_DATASET CONTENT_.
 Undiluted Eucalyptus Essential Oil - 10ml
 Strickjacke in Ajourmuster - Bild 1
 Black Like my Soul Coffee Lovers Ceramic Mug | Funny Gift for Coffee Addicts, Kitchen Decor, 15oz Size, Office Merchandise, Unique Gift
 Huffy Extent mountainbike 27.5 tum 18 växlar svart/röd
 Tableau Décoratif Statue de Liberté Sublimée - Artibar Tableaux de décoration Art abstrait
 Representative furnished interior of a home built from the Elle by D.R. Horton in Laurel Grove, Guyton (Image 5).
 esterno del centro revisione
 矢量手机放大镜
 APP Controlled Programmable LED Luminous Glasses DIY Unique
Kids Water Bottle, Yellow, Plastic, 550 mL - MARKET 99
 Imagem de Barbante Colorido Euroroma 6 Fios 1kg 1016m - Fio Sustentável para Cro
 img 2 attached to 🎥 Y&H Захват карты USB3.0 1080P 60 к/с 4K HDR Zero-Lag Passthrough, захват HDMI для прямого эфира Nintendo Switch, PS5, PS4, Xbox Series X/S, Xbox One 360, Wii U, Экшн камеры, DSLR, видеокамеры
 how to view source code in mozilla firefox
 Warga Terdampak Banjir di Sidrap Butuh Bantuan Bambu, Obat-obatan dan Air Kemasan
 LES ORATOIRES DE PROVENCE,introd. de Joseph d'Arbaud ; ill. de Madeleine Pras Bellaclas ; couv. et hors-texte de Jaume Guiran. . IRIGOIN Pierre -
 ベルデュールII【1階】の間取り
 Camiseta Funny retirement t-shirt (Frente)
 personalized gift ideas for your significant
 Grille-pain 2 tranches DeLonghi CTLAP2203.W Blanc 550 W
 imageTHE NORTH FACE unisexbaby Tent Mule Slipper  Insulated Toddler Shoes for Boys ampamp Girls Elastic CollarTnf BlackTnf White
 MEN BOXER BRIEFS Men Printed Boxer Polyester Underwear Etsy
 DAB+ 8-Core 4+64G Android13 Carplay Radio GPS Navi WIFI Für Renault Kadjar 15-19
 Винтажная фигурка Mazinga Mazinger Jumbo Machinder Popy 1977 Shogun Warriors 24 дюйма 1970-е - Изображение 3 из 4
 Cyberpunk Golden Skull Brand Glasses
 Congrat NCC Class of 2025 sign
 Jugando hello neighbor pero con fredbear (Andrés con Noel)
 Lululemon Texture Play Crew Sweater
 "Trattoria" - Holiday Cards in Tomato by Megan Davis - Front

_WORK ITEM_. Write the listing out again, exactly as shown above.

_REPLY TO THE TASK_.
 Undiluted Eucalyptus Essential Oil - 10ml
 Strickjacke in Ajourmuster - Bild 1
 Black Like my Soul Coffee Lovers Ceramic Mug | Funny Gift for Coffee Addicts, Kitchen Decor, 15oz Size, Office Merchandise, Unique Gift
 Huffy Extent mountainbike 27.5 tum 18 växlar svart/röd
 Tableau Décoratif Statue de Liberté Sublimée - Artibar Tableaux de décoration Art abstrait
 Representative furnished interior of a home built from the Elle by D.R. Horton in Laurel Grove, Guyton (Image 5).
 esterno del centro revisione
 矢量手机放大镜
 APP Controlled Programmable LED Luminous Glasses DIY Unique
Kids Water Bottle, Yellow, Plastic, 550 mL - MARKET 99
 Imagem de Barbante Colorido Euroroma 6 Fios 1kg 1016m - Fio Sustentável para Cro
 img 2 attached to 🎥 Y&H Захват карты USB3.0 1080P 60 к/с 4K HDR Zero-Lag Passthrough, захват HDMI для прямого эфира Nintendo Switch, PS5, PS4, Xbox Series X/S, Xbox One 360, Wii U, Экшн камеры, DSLR, видеокамеры
 how to view source code in mozilla firefox
 Warga Terdampak Banjir di Sidrap Butuh Bantuan Bambu, Obat-obatan dan Air Kemasan
 LES ORATOIRES DE PROVENCE,introd. de Joseph d'Arbaud ; ill. de Madeleine Pras Bellaclas ; couv. et hors-texte de Jaume Guiran. . IRIGOIN Pierre -
 ベルデュールII【1階】の間取り
 Camiseta Funny retirement t-shirt (Frente)
 personalized gift ideas for your significant
 Grille-pain 2 tranches DeLonghi CTLAP2203.W Blanc 550 W
 imageTHE NORTH FACE unisexbaby Tent Mule Slipper  Insulated Toddler Shoes for Boys ampamp Girls Elastic CollarTnf BlackTnf White
 MEN BOXER BRIEFS Men Printed Boxer Polyester Underwear Etsy
 DAB+ 8-Core 4+64G Android13 Carplay Radio GPS Navi WIFI Für Renault Kadjar 15-19
 Винтажная фигурка Mazinga Mazinger Jumbo Machinder Popy 1977 Shogun Warriors 24 дюйма 1970-е - Изображение 3 из 4
 Cyberpunk Golden Skull Brand Glasses
 Congrat NCC Class of 2025 sign
 Jugando hello neighbor pero con fredbear (Andrés con Noel)
 Lululemon Texture Play Crew Sweater
 "Trattoria" - Holiday Cards in Tomato by Megan Davis - Front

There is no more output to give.